*Extracted material*
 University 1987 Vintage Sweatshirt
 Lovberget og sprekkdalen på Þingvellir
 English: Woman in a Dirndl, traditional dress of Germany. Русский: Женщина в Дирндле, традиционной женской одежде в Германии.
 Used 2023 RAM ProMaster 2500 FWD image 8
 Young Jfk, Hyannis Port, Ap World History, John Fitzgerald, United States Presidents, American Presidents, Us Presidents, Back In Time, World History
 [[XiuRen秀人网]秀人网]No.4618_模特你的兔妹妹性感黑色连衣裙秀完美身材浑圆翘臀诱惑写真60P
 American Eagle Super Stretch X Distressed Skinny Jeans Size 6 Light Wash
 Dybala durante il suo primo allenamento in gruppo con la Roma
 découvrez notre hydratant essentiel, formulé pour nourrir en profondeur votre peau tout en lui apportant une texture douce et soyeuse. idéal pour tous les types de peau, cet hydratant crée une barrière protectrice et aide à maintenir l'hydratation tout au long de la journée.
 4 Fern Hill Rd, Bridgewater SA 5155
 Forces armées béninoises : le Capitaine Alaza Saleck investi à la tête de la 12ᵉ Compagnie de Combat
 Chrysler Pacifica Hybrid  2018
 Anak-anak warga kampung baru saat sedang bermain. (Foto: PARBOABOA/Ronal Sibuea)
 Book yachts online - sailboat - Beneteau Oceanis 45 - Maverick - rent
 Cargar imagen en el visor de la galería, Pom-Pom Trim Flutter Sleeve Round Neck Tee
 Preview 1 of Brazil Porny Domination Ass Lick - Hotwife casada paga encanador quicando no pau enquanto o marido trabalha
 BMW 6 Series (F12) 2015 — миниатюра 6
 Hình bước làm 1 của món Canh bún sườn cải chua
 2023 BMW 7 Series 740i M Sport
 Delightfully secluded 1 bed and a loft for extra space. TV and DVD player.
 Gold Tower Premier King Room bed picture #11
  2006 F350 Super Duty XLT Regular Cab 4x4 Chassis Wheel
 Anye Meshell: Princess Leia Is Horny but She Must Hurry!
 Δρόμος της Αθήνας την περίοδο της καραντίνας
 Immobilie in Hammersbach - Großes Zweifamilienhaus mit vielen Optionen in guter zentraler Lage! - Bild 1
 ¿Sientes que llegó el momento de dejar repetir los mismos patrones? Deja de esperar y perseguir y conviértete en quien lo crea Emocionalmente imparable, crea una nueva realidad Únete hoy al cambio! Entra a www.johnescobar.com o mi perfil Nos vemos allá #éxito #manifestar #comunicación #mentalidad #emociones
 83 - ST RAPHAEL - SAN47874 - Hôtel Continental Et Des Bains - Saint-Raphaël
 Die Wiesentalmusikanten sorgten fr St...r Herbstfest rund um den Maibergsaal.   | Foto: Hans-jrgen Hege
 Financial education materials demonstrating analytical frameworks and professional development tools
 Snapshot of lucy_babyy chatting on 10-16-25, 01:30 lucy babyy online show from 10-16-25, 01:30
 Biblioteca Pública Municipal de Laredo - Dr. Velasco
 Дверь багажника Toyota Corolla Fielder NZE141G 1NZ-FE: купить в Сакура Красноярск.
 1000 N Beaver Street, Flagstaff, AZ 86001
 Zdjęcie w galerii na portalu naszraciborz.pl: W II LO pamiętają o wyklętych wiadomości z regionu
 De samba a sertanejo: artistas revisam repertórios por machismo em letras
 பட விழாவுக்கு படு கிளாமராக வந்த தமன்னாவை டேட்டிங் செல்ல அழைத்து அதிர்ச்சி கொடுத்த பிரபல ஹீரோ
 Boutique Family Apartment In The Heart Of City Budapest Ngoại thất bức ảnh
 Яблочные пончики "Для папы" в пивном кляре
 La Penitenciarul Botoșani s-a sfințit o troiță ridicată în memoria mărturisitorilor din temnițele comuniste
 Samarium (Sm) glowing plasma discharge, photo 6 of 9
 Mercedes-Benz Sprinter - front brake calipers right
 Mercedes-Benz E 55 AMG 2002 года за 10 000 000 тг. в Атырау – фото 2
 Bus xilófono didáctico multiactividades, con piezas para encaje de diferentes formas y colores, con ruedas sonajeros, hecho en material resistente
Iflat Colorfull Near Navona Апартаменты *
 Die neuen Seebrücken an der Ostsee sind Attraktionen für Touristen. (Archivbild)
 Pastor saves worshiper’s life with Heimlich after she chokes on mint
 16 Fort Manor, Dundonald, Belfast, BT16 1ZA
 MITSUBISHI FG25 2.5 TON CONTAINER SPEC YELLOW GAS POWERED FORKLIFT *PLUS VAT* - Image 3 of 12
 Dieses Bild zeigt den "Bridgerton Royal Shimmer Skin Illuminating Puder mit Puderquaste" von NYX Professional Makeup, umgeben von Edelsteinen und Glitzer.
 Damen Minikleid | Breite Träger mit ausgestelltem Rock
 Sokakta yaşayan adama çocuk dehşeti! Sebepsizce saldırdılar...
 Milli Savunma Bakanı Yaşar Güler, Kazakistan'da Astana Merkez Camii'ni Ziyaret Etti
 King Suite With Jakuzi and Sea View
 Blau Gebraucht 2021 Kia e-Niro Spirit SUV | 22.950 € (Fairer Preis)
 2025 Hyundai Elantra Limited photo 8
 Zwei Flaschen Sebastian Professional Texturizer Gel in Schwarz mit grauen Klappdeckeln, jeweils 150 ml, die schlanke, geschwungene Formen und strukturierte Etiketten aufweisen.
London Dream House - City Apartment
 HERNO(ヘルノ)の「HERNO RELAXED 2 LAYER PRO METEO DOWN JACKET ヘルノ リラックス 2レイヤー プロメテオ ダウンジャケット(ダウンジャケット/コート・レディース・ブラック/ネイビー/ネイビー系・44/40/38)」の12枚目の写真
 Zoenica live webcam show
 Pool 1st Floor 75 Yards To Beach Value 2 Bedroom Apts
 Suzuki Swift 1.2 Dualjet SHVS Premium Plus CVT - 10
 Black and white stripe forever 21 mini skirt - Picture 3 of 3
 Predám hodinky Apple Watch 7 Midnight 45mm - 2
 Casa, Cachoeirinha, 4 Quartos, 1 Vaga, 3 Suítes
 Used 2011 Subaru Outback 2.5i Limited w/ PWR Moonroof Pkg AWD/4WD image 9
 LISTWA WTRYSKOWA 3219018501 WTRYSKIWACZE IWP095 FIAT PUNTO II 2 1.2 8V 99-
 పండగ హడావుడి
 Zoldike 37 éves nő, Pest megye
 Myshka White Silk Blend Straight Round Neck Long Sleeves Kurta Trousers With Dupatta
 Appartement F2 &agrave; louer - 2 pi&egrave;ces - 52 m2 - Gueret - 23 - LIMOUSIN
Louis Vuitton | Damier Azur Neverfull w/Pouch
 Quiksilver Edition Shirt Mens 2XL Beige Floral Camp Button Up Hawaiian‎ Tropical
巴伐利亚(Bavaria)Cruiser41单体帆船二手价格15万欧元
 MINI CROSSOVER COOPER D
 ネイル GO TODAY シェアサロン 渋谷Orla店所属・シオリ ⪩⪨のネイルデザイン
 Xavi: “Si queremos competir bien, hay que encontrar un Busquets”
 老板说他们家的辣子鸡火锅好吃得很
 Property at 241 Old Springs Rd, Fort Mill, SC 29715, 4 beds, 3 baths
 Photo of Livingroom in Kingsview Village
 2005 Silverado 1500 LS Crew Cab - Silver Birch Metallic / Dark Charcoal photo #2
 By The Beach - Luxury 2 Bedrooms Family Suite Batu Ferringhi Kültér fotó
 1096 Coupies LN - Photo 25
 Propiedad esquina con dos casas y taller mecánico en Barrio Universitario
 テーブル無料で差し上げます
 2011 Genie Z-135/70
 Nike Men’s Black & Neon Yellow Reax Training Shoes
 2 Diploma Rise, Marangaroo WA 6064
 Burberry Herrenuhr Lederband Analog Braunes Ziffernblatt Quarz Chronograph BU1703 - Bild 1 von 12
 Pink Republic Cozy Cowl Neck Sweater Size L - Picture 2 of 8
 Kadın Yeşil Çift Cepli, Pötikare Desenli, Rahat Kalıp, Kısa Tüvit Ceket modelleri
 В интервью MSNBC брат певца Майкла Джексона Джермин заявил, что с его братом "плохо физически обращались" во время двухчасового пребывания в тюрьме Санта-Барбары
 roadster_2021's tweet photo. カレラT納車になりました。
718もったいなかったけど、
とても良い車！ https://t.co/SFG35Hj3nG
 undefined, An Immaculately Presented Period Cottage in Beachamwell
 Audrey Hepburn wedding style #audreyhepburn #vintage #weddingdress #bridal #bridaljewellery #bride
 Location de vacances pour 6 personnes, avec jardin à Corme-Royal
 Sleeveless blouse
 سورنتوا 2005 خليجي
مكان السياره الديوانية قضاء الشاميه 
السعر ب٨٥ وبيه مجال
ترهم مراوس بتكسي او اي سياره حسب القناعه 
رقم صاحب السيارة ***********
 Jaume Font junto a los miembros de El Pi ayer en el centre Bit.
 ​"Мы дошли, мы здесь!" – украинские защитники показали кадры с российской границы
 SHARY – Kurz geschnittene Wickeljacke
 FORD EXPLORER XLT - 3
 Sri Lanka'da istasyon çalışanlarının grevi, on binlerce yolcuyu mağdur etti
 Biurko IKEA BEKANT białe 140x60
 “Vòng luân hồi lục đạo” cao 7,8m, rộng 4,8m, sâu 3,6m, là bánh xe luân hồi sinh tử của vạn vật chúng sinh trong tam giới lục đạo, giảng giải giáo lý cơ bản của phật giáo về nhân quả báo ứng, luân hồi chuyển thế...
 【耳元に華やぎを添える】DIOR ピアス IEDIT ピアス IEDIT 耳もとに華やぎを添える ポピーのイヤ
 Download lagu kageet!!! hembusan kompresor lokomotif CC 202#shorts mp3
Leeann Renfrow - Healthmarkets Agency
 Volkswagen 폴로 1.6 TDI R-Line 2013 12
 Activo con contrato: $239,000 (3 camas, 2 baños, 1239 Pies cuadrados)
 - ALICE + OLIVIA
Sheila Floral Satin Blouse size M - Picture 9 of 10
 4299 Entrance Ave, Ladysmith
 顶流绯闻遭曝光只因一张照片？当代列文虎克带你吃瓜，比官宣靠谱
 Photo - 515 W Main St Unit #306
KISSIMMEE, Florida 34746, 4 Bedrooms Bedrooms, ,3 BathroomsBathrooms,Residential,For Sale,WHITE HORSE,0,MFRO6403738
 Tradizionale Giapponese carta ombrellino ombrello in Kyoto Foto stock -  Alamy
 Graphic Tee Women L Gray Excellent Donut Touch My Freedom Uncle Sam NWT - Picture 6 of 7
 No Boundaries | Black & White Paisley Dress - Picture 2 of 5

*Work to be completed*
Output the lines above exactly, but only those between the line holding "4299 Entrance Ave, Ladysmith" and the line holding "Graphic Tee Women", inclusive.

*Solution for this task*
 4299 Entrance Ave, Ladysmith
 顶流绯闻遭曝光只因一张照片？当代列文虎克带你吃瓜，比官宣靠谱
 Photo - 515 W Main St Unit #306
KISSIMMEE, Florida 34746, 4 Bedrooms Bedrooms, ,3 BathroomsBathrooms,Residential,For Sale,WHITE HORSE,0,MFRO6403738
 Tradizionale Giapponese carta ombrellino ombrello in Kyoto Foto stock -  Alamy
 Graphic Tee Women L Gray Excellent Donut Touch My Freedom Uncle Sam NWT - Picture 6 of 7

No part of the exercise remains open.